(Records for this exercise)
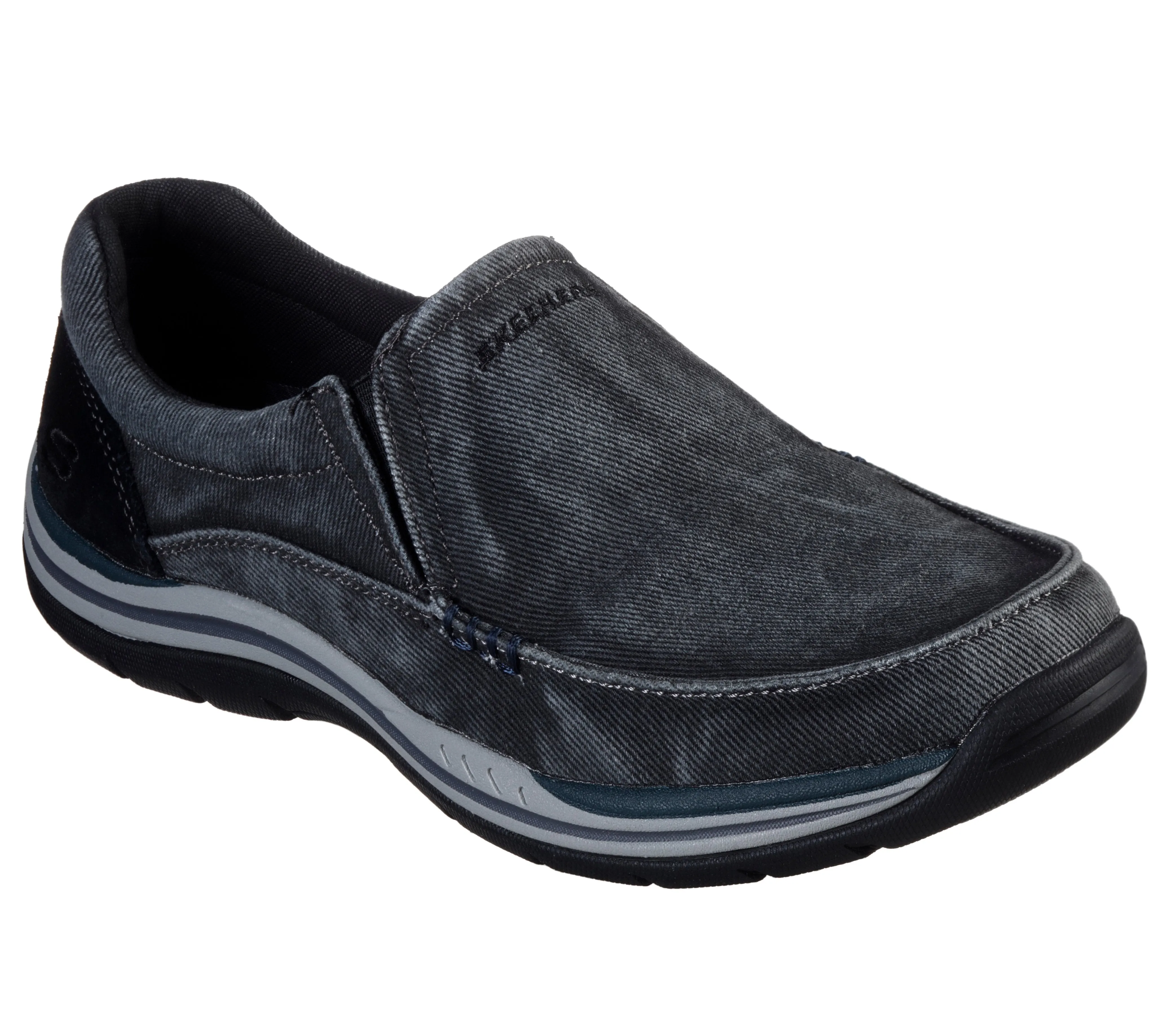 SKECHERS Expected Avillo Skechers Shoes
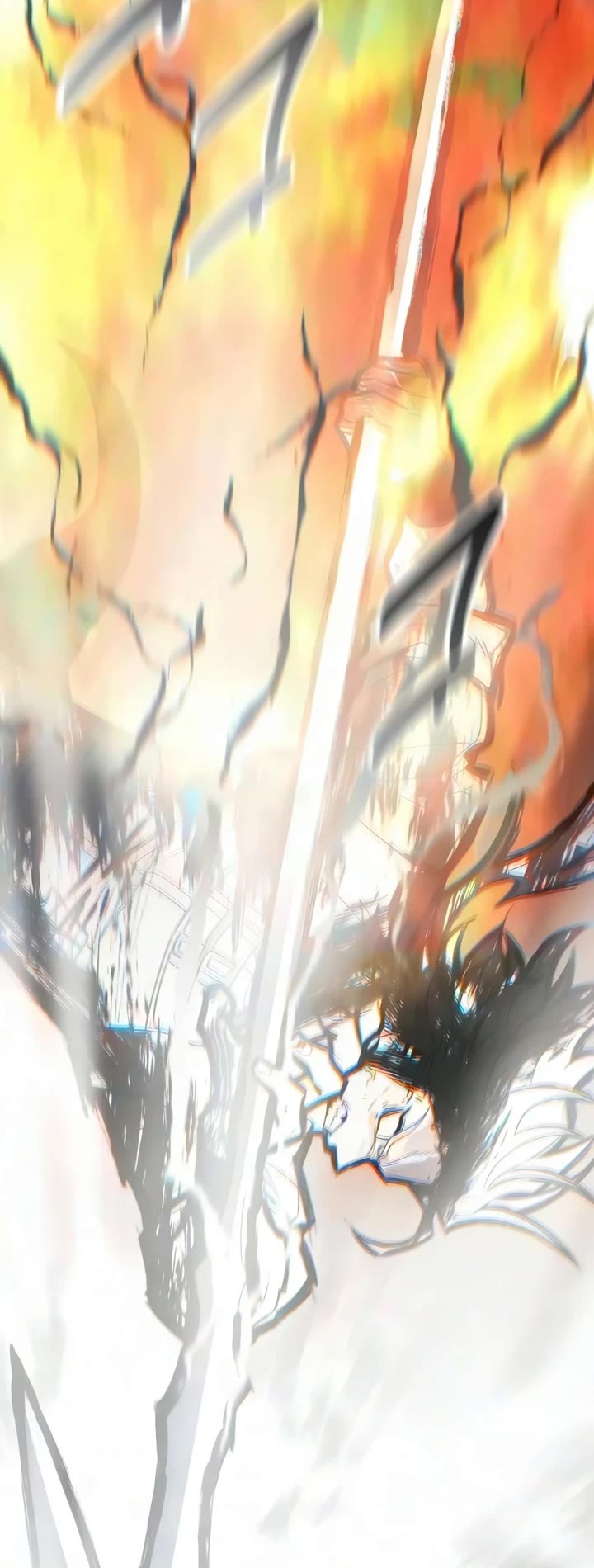 I Killed an Academy Player Chapter 138 page 100 - Chapter 138
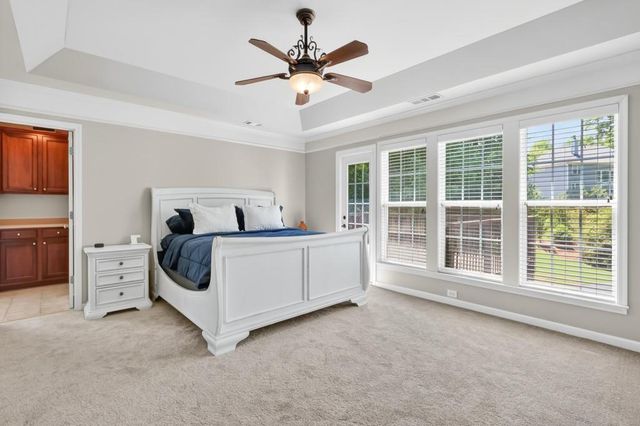 3965 Argentite Way, Cumming, GA 30040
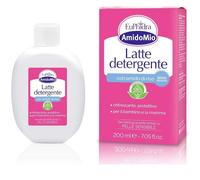 Euphidra Amidomio Leche Limpiadora 200ml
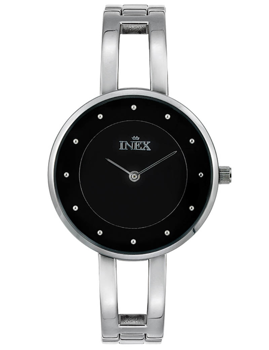 Inex model A69499S5P kauft es hier auf Ihren Uhren und Scmuck shop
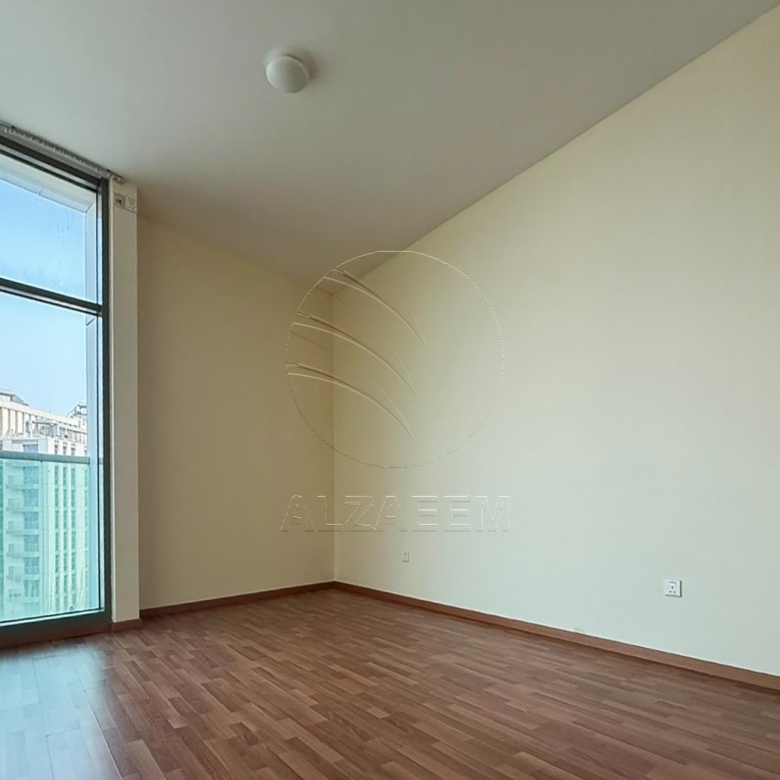 √Vacant | Full Sea View | Higher Level√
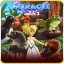 Thumbelina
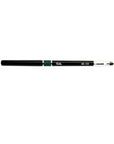 Z New York Retractable Eye Pencil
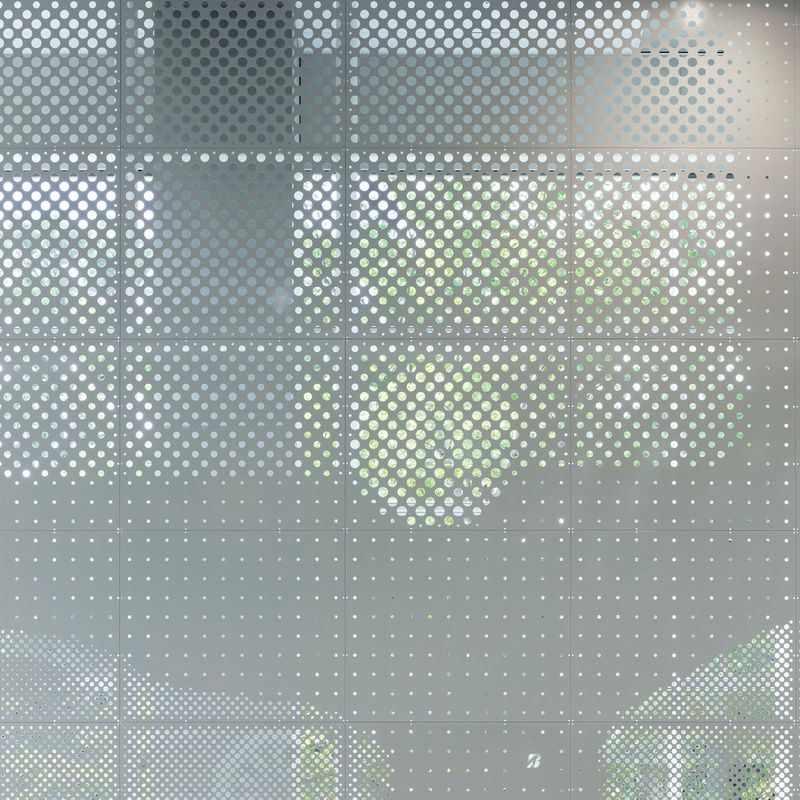 Archi Skin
(End Records for this exercise)
### Task to complete
Reproduce nothing but the lines from the line containing "3965 Argentite Way, Cumming, GA 30040" through the last line of the data above, exactly as written and without pictures.

### Exercise output
 3965 Argentite Way, Cumming, GA 30040
 Euphidra Amidomio Leche Limpiadora 200ml
 Inex model A69499S5P kauft es hier auf Ihren Uhren und Scmuck shop
 √Vacant | Full Sea View | Higher Level√
 Thumbelina
 Z New York Retractable Eye Pencil
 Archi Skin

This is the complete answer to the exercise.